Captured in Sydney, Australia, this shoot was designed to show that bridal inspiration doesn’t have to be ‘serious’ and ‘sexy’ – it is a JOYFUL thing and should be celebrated! So we brought together an incredible team of vendors to create this shoot, which became part of a feature in Issue 37 of White Magazine alongside words Athena wrote about our engagement season (take a peek online here!).
These words meant a lot to her, so take a read before you scroll the beautiful bridal inspiration shoot!
Gowns Karen Willis Holmes • Hair + Makeup Michelle Cato • Jewellery MEZI Australia • Florals Hey Little Wildflower • Venue Comber Street Studios • Model Jordan Gallagher
I first saw him outside a food truck in San Diego. It was almost 40 degrees Celsius and he was wearing a beanie. He was a handsome, bearded barista from Portland, who walked right up to me and told me he liked my accent.

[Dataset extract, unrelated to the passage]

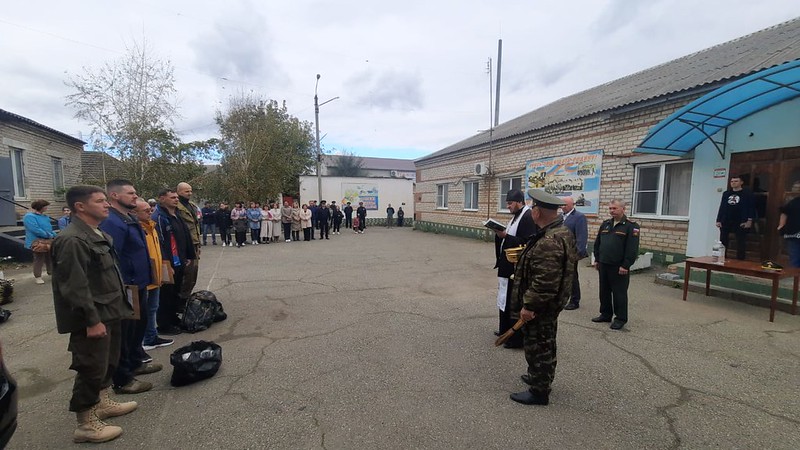 Новости светлограда ставропольского края. Петровск мобилизация. Мобилизация фото Ставрополь. Мобилизация Невинномысск 16.10. Священник перед мобилизованными.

When I met and fell for Camron, I didn’t know that two years on I would have moved overseas, left everything I’ve ever known, and that I would be about to marry an American. I didn’t know that all my dreams and expectations about my wedding day would be radically redefined as I accepted the difficulties of marrying someone from across the world. Choosing to marry Camron was also choosing the ache of long distance, a life split between two homes, divided time between two families and the difficulty of beginning life all over again away from Australia.
When I dreamed of my wedding day, I never expected it would be split across three events, 12,000km and four months, and that it would be a huge point of tension for us on top of the tensions engagement already brought. Since the day we got engaged, my fiancé and I have felt, for the most part, like we’re holding our breath. I think if I’m honest, the end goal and finish line for us has felt like the moment we say, ‘I do’ and it’s all over; all the goodbyes, all the traveling, all the saving, planning and creating. I see this same mentality all the time with couples; as they date and begin to seriously talk about marriage, they prepare their hearts, finances and circumstances for it. But from the moment they get engaged the focus of these things switch to the wedding day.
I want to be real for a second here. I’m writing this with only 25 days until my wedding. I’m right in the heights of what is usually a ‘stressful’ and ‘chaotic’ time—last minute planning, everything coming together, absolute busyness and functioning at your fullest capacity. In the first few months of our engagement, I was unable to make myself stop from my own busyness. My life was too loud to seek quietness, too fast to slow down. Hyped up by coffee, but without the awareness of a vibrant feel for the ‘now’. I’ve seen it in myself too; in all my haste, I think I’m making up for time, but it turns out I’m losing it. “Hurry always empties a soul”—Ann Voskamp.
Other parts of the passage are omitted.